Bucher, on the other hand, sought inspiration at the top of the fine-dining food chain: fat-cat American steakhouses. His prime-beef carcasses are dry-aged in Baltimore before they're butchered, ground and turned into loosely formed patties by a machine that Bucher modified to his exact specs. Those patties are delivered fresh daily and thrown on a gas-fired grill with lava rocks, not a greasy flattop. "We want [to take] that steak that you eat at Morton's or the Palm and grind it and serve it," Bucher says. "From our standpoint, it's not cheap."
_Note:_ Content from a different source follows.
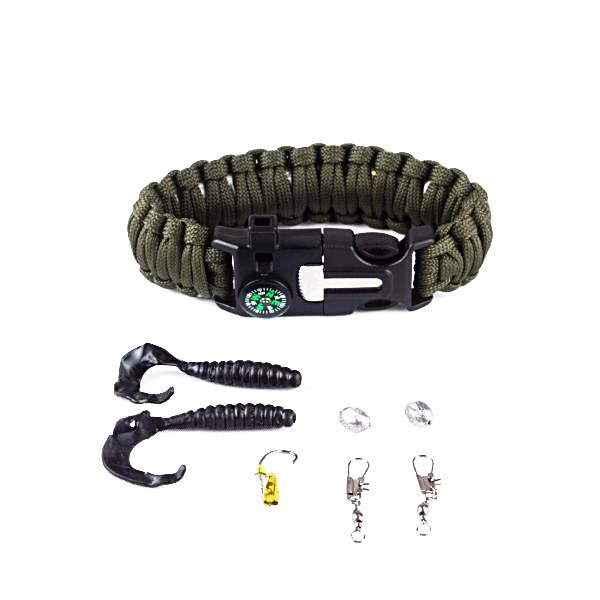 Load image into Gallery viewer, Paracord Survival Bracelet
Then there's the story of Z-Burger, which opened in April near Tenley Circle. It is owned by Peter Tabibian, who slogged along as a Jerry's Subs & Pizza franchisee for more than a decade. His new operation may have a broader menu (and less utilitarian decor) than Five Guys, but Z-Burger is as close as you can get to an outright homage to D.C.'s famous chain. "Five Guys is a great company," Tabibian says. "They have a lot of money, and they started with nothing. They're an inspiration to everybody."
Tabibian is certainly ripping a page from the Five Guys playbook when it comes to expansion. Z-Burger already has five more locations in the pipeline: one each in Glover Park, Dupont Circle, Adams Morgan, Georgetown and Arlington. Others are on the way, Tabibian says. "We have enough money that I can open up 100 of these locations at one time and buy the buildings," Tabibian says. "I'm serious."
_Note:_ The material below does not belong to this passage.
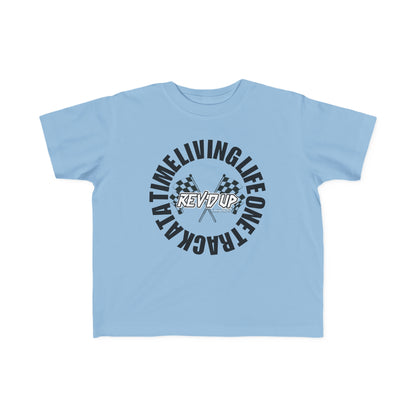 Living Life One Track At A Time Black Rev'd Up Clothing - Toddler's T-shirt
Z-Burger isn't the only new place with empire-building aspirations. Hess's Elevation Burger, which opened in 2006, has signed contracts for more than 20 franchises, including restaurants in New Jersey, Philadelphia and Northern Virginia. His research indicates that the U.S. market could sustain between 500 and 700 Elevation Burger locations. Hess isn't ruling out the possibility of nationwide expansion. Nor is Racosky at Big Buns, which opened in June 2007: "My goal is to have as many of these as there are McDonald's in the world," the owner says.
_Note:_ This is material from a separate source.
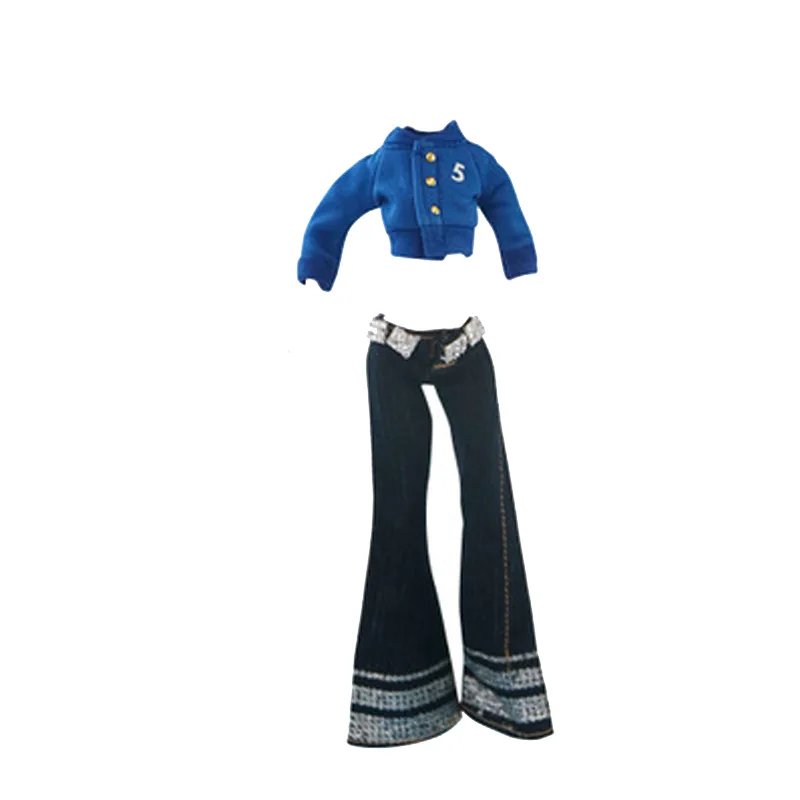 1 комплект синие топы и длинные штаны для кукол Monster High Одежда куклы монстры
The question, of course, is this: Is there enough appetite to support all these burger joints, no matter how upscale their products? More such places, after all, have just opened or are headed our way. On Monday, 2008 "Top Chef" contestant Spike Mendelsohn launched his Good Stuff Eatery on the Hill, and Mendelsohn has been yakking a lot about opening more of his "handcrafted" burger houses in the District and other cities. A week earlier, local steakhouse maverick Michael Landrum opened Ray's Butcher Burgers several doors down from his Ray's the Steaks restaurant in Arlington, and the California-based chain Fatburger has been eyeing the local market, too. What's more, another California chain, the Counter, has a major assault planned on the area, promising locations in Reston, Arlington, the District and Baltimore.
The Burger Joint's Bucher, for one, says all the folks with dollar signs in their eyes ought to be careful. Much of the recent burger mania, he says, is economy-driven, as in we're gobbling down greasy meat to ease the pain of our higher debts and lower home values. Once the economy improves, diners are "not going to go out for burger. They're going to spend more money" on fancier restaurants again, he says. "It'll happen naturally."
Tim Carman writes the Young and Hungry column for Washington City Paper.